This is a tribute album in which Morse pays homage to some of the guitarists and bands that influenced him, but instead of doing it by playing covers he does so by own original songs which remind us of the honored guitarists or their bands, being it by the guitar playing technique utilized, sound, song mood or style of the riffs, phrases and licks.

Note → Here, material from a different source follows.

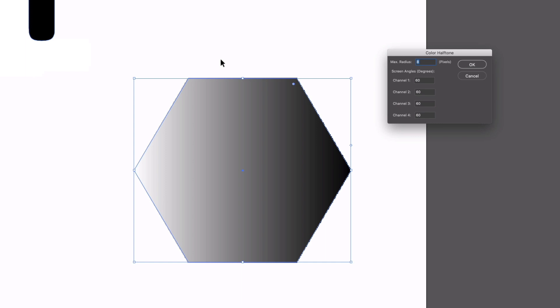This is a colour halftone, which means it's going to apply four different channels of colour. Each of these channels refers to CMYK values, which is the colour space we normally use for print. We are actually in an RGB document, but this is how the effect works. If we make sure all of our channel values are the same, we're just going to get a black and white effect.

So in a way it's more like an academical exercise in which Morse shows us his versatility and his ability at analyzing what makes a certain guitarist have his personal style and then applying his own version of those elements in a composition of his own. However he does not simply create a clone song, it is always clear that it is Steve Morse who we are hearing, just that he bends his own trademark style to incorporate flavours of the guitarist he is paying homage to, which in my opinion is the right way to do it and much more interesting than creating a clone song. Supporting him are his Steve Morse Band fellows at the time Dave La Rue at the bass and Van Romaine at the drumkit.

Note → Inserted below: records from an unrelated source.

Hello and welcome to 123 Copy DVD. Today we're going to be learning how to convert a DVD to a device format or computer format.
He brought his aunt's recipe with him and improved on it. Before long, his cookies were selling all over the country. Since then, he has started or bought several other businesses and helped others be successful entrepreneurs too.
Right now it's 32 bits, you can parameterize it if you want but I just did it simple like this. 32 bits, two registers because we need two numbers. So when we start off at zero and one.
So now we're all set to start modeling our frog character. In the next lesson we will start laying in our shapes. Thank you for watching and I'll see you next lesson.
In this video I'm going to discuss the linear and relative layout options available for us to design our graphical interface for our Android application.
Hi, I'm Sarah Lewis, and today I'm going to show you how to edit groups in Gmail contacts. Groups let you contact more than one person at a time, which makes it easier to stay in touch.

It's no news that Morse is a guitar master and all the songs are good but from a prog perspective this album does not offer much because most of the honoured guitarists are just rock guitarists. We have songs dedicated to Cream / Clapton, Hendrix, The Byrds, The Rolling Stones, Leslie West / Mountain, The Beatles and The Allman Brothers, all of them interesting interpretations of their styles but hardly proggy.

The most interesting songs for proggers are TruthOla dedicated in tandem to Jeff Beck, Eric Johnson and Alex Lifeson (of whom I do not hear a lot except for a few chorus-drenched chords with open strings), Led On dedicated to Led Zeppelin which is perhaps the most accomplished rendition imo, The White Light honouring the acoustic soft side of John McLaughlin and Prognosis dedicated to Kansas and Yes. This last song is obviously the proggiest, with some odd time signatures and changes along its 6 minutes of lenght. Once again it does not really resemble the music by any of these 2 bands but it just incorporates some flavours reminiscent of them.

Interesting album but I have 5 of his real Steve Morse Band albums and they are all better. A couple of years later he released a Vol.2 of Major Impacts which I have not heard so far.